**Instructions for the task:** Please repeat the whole listing exactly, but leave out any picture it holds.

**Records for this exercise:**
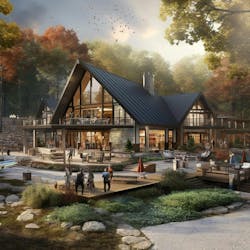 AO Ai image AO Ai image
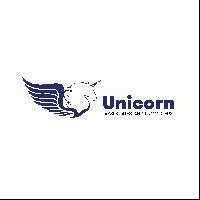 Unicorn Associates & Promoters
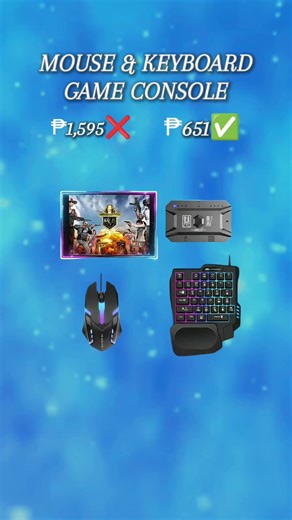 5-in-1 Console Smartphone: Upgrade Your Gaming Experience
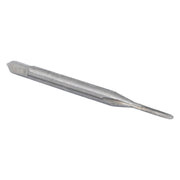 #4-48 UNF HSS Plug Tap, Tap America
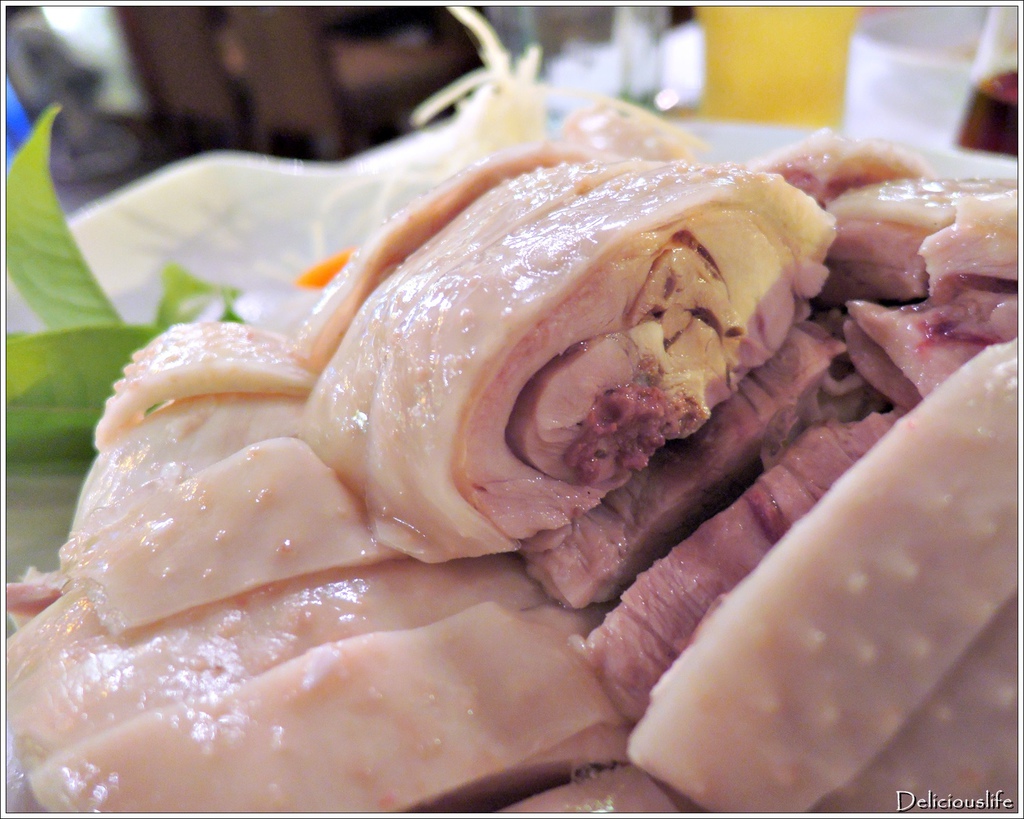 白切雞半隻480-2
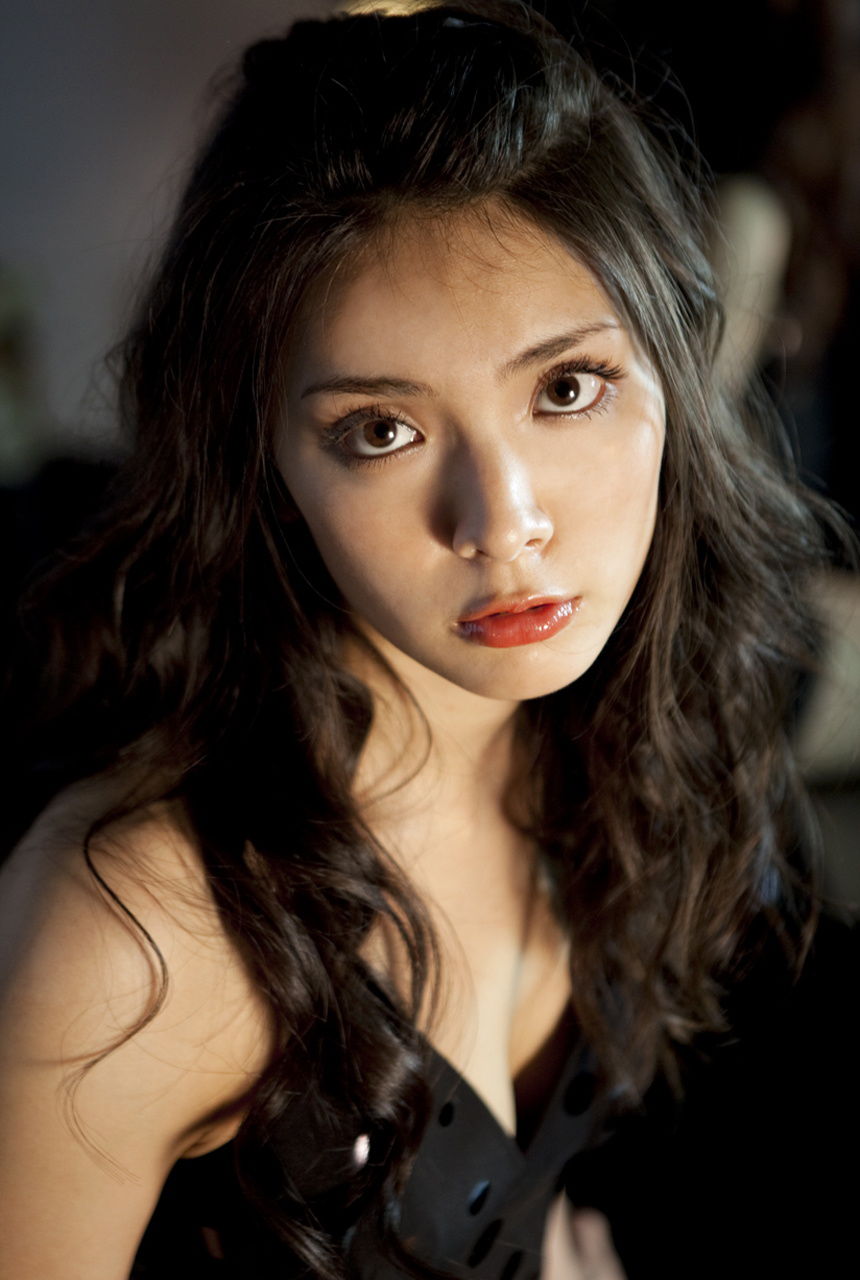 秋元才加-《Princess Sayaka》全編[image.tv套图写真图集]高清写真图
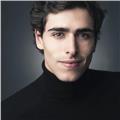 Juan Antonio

**Exercise solution:**
 AO Ai image AO Ai image
 Unicorn Associates & Promoters
 5-in-1 Console Smartphone: Upgrade Your Gaming Experience
 #4-48 UNF HSS Plug Tap, Tap America
 白切雞半隻480-2
 秋元才加-《Princess Sayaka》全編[image.tv套图写真图集]高清写真图
 Juan Antonio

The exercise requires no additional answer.